To ask the question, “Is war with Iraq necessary?”, then ignore this issue and finally conclude war isn’t necessary seems like backwards reasoning: Start with the conclusion you want, and then select the facts you’ll look at.
Brian Stubbs
graduate teaching fellow
physics
Economic injustice prompted a ‘panic’
The United States faces a moral crisis created by the gap in living standards between the industrialized North and the global South. I think that at some level of their consciousness, people in the North are aware that their relative economic privilege is completely unjust. They face a moral crisis similar to that of the southern United States at the time of the Civil War.

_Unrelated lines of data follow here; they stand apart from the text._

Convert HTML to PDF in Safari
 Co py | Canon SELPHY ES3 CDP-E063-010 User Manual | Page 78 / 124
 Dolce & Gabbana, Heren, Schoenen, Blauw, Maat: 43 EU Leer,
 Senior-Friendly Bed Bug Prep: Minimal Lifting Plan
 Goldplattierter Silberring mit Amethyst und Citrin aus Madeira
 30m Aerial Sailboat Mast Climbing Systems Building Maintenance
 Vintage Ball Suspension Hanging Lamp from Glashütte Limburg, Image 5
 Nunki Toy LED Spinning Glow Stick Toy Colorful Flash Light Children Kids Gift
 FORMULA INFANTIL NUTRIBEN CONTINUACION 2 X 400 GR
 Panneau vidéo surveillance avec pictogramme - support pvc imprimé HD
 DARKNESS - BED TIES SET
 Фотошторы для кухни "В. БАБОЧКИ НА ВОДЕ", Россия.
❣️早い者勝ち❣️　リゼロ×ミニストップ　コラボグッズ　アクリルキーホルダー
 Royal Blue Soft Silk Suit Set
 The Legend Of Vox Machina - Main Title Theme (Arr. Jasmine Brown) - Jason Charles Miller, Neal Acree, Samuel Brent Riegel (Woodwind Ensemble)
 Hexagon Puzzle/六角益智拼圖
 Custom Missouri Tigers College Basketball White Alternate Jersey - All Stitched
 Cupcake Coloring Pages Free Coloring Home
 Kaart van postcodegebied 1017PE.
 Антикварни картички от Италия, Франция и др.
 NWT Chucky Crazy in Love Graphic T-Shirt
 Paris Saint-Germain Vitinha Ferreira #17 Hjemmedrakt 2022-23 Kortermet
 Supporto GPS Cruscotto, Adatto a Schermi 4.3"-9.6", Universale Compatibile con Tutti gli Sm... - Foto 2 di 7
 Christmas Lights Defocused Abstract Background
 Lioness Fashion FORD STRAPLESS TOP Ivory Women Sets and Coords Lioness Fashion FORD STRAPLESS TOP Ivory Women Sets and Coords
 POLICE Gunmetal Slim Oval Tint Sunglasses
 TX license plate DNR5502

Slave owners in the southern states lived in fear that their slaves might rise up and slaughter them. They could not consider abolishing slavery, because their privilege outweighed their fear. Some sort of disturbance might cause whites in part or all of the southern states to fly into what Kenneth M. Stampp, in his book, “The Peculiar Institution,” calls an “insurrection panic.”
I think that what we saw in the United States after Sept. 11, 2001, was an insurrection panic. People in the United States saw the attacks on the World Trade Center and the Pentagon as the Global South, racialized as people of color, rising up against them. Personally, I did not see the Sept. 11 attacks as a threat to myself — I guess I’m one of the slaves.